You can see the requests for Pocket, certificates and the captive portal check since those are in the actual url name. In addition to those, FF phones home for browser updates, extension updates, FF sync, safe browsing, etc.
Sounds like it's pretty standard, benign stuff. Luckily FF is open source, so if this freaks you out, then try one of the more private forks like LibreWolf. You won't see these same connections there.
I just googled a few URLs here, and found the following:
mozgcp.net is the Mozilla Google Cloud Platform, looking at the links it connects to, it looks as if it is accessing settings for Google, then finding some certificates, accessing pictures for the Pocket service and doing some product detection, why, I have no idea.
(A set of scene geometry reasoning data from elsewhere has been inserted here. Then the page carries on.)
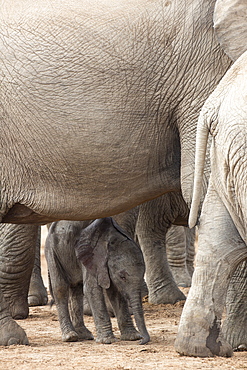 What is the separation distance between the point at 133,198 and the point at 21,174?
0.68 meters

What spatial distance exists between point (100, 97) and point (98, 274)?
1.01 metres

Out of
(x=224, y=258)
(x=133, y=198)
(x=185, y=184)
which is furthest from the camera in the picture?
(x=133, y=198)

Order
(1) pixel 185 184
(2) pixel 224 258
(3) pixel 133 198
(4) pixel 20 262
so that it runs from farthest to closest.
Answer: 1. (4) pixel 20 262
2. (3) pixel 133 198
3. (1) pixel 185 184
4. (2) pixel 224 258

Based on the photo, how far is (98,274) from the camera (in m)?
4.69

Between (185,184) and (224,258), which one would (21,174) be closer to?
(185,184)

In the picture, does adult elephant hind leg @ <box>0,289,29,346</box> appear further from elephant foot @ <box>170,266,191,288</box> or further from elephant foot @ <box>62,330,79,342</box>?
elephant foot @ <box>170,266,191,288</box>

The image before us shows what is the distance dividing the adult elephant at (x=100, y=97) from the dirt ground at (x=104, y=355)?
1.19 feet

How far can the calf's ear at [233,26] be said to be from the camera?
4258 mm

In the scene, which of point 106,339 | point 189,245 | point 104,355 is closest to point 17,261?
point 106,339

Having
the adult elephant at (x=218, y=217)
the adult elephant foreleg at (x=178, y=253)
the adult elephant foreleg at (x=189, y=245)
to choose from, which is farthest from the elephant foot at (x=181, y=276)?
the adult elephant at (x=218, y=217)

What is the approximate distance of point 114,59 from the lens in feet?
15.0

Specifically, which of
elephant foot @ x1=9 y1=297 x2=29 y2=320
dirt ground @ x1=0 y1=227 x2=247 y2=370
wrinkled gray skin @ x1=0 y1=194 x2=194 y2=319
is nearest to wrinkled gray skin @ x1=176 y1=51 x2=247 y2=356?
dirt ground @ x1=0 y1=227 x2=247 y2=370

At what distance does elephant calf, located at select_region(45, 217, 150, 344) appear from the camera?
4.63 metres

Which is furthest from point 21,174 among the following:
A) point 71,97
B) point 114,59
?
point 114,59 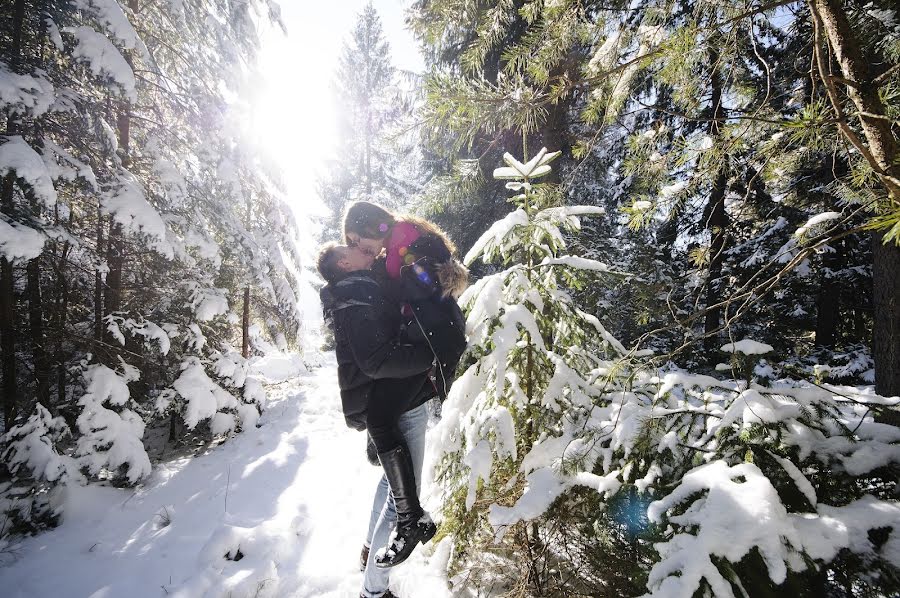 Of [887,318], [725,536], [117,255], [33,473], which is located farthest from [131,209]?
[887,318]

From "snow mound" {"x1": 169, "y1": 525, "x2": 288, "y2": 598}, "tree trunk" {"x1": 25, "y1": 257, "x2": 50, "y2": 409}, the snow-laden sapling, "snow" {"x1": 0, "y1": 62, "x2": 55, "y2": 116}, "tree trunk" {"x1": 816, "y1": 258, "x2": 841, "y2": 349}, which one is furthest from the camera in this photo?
"tree trunk" {"x1": 816, "y1": 258, "x2": 841, "y2": 349}

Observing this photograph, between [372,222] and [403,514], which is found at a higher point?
[372,222]

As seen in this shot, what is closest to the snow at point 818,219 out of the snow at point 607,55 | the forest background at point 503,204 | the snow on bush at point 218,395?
the forest background at point 503,204

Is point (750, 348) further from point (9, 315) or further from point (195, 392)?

moz.works is Mozilla's content delivery network, porbably nothing to worry about.
mozgcp.net is the Mozilla Google Cloud Platform, looking at the links it connects to, it looks as if it is accessing settings for Google, then finding some certificates, accessing pictures for the Pocket service and doing some product detection, why, I have no idea.
Looked up 2 of them, seems like they are settings and files, stored on Googles servers, but encrypted by the time it reaches Google.
Short of someone with a quantum computer, I doubt anyone will decrypt them, along with the billions of other user files out there. Suffice to say, don’t store/link anything sensitive if you’re worried.
Blocking might just break features, but be wary to see what’s broken based on what’s disabled and see if it can just be manually disabled in settings first.
No problem, I’m not exactly a fan of the cloud myself, but it’s being forced on us. It feels a bit like a fad, but I still store everything on secondary storage.
gotcha! I’ve just started to use opensnitch (for linux) but I don’t usually inspect the detailed connections that often. thanks for the tip on firefox, I’ll be on the lookout for those.
Just use arkenfox user.js or librewolf. Firefox is a lost cause at this point. Mozilla doesn't care about its users and keeps adding unnecessarily stuff. They blantantly lie about privacy when it takes hundreds of about:config preferences to make it remotely good in terms of privacy.